CALL Newsletter 08-39: Nightmare on Wazir Street

Chapter 4: Public Affairs and Information Operations

Section I
Information Operations, United States Strategic Command, and Public Affairs

LTC Pamela Keeton, U.S. Army Reserve, Retired, and MAJ Mark McCann

Note: Previously published in Military Review, November-December 2005, and reprinted with permission.

In 2004, watershed events (successful registration of more than 10 million voters, a successful presidential election, and the president's subsequent inauguration) gave rise to a fledgling democracy in Afghanistan after more than 25 years of war and violence. Replacing the rule of the gun with the rule of law signaled the end of an era, gave hope to millions of Afghans who had lived through years of oppression.

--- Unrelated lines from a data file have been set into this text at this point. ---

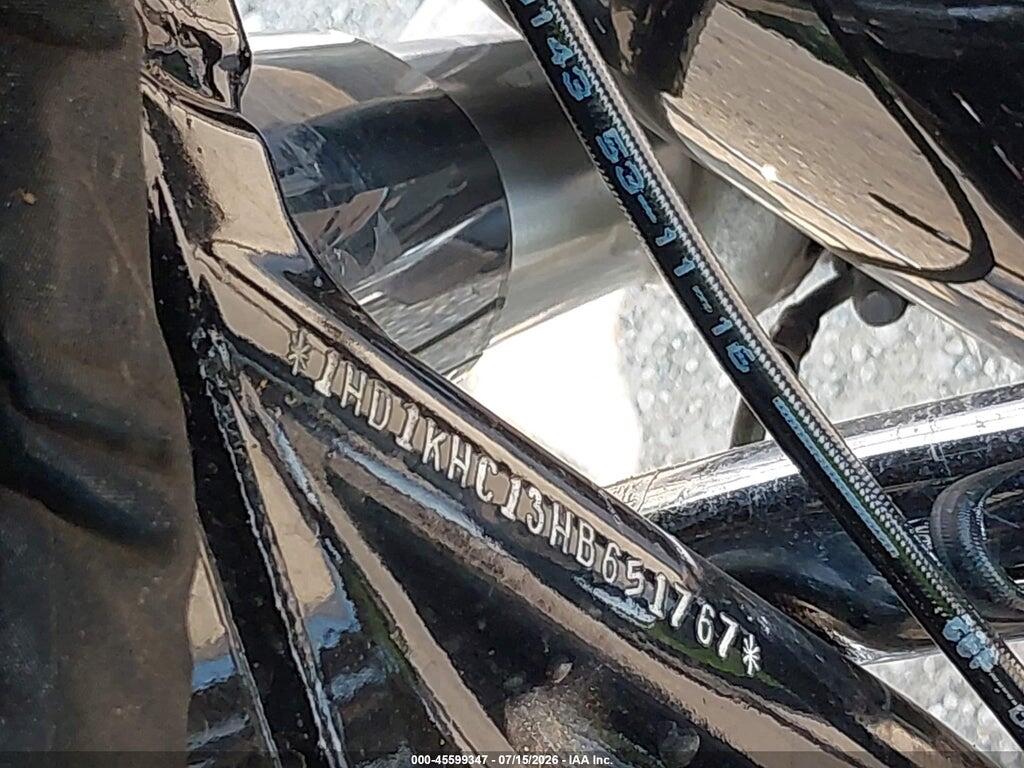1HD1KHC13HB651767 2017 HARLEY-DAVIDSON FLTRX photo no. 10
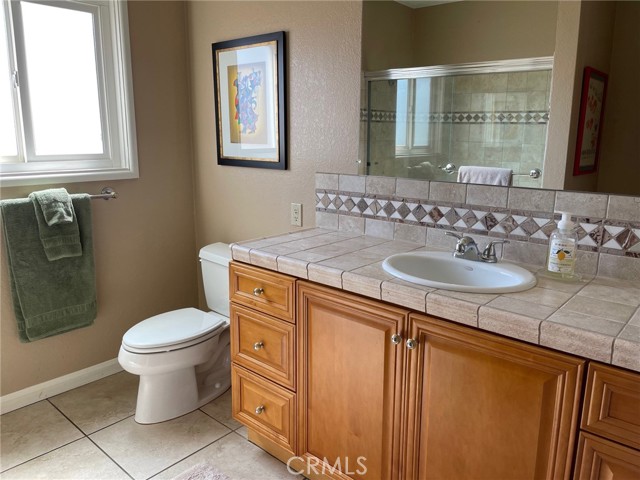 Detail Gallery Image 9 of 27 For 200 Meadow View Ln, Barstow,  CA 92311 - 3 Beds | 3/1 Baths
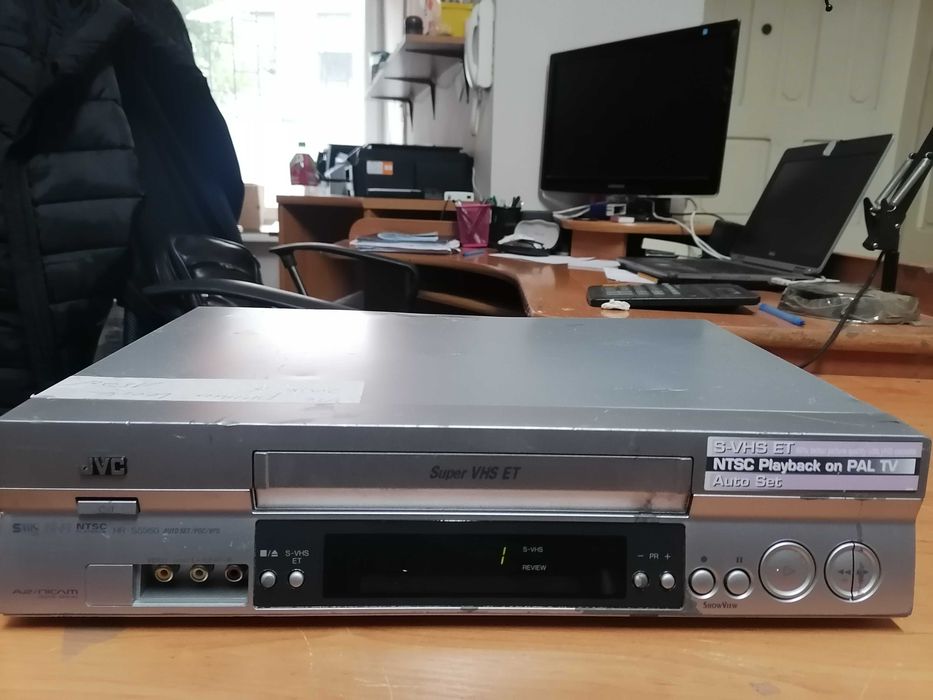 Magnetowid S-VHS JVC HR-S5950 HiFi STEREO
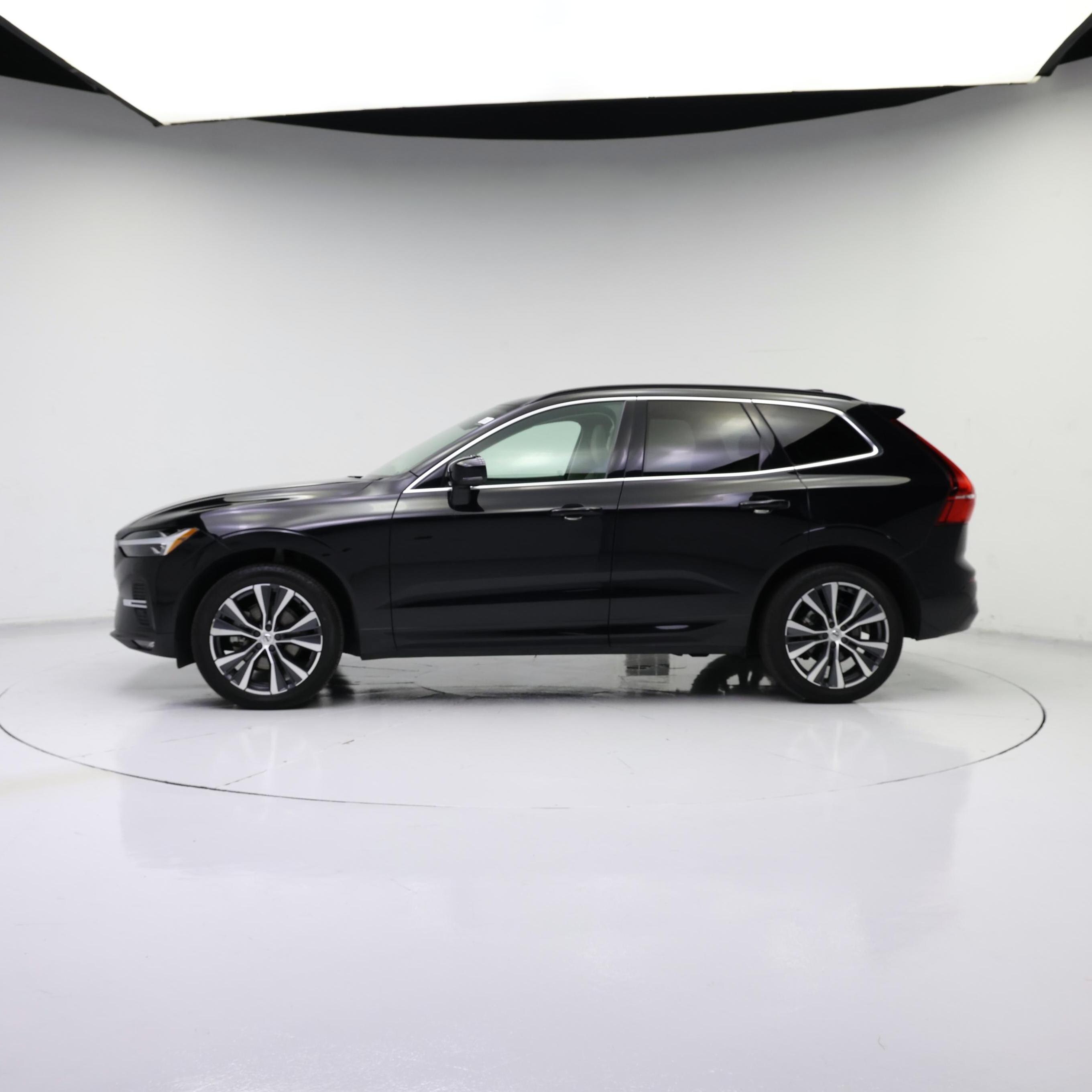 Thumbnail: 2022 Volvo XC60 - 3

These events also signaled a change in military strategy in Afghanistan from combat operations and counterterrorism to counterinsurgency, reconstruction, and development. This shift required Combined Forces Command-Afghanistan (CFC-A) to rethink how it would meet the challenges of the new political, military, diplomatic, and economic environments. The command's operations required close coordination with Afghan government agencies, the U.S. Department of State, and the North Atlantic Treaty Organization. An effective information campaign was critical to the command's success.

The command found itself in a public affairs (PA) campaign to maintain local Afghan and international support to help rebuild an Afghanistan ravaged by years of war and establish the country's new democratic government. Information operations (IO) were critical in discrediting insurgents and what remained of the Taliban to ensure Afghanistan would never again become a cradle for despots or a haven for international terrorists.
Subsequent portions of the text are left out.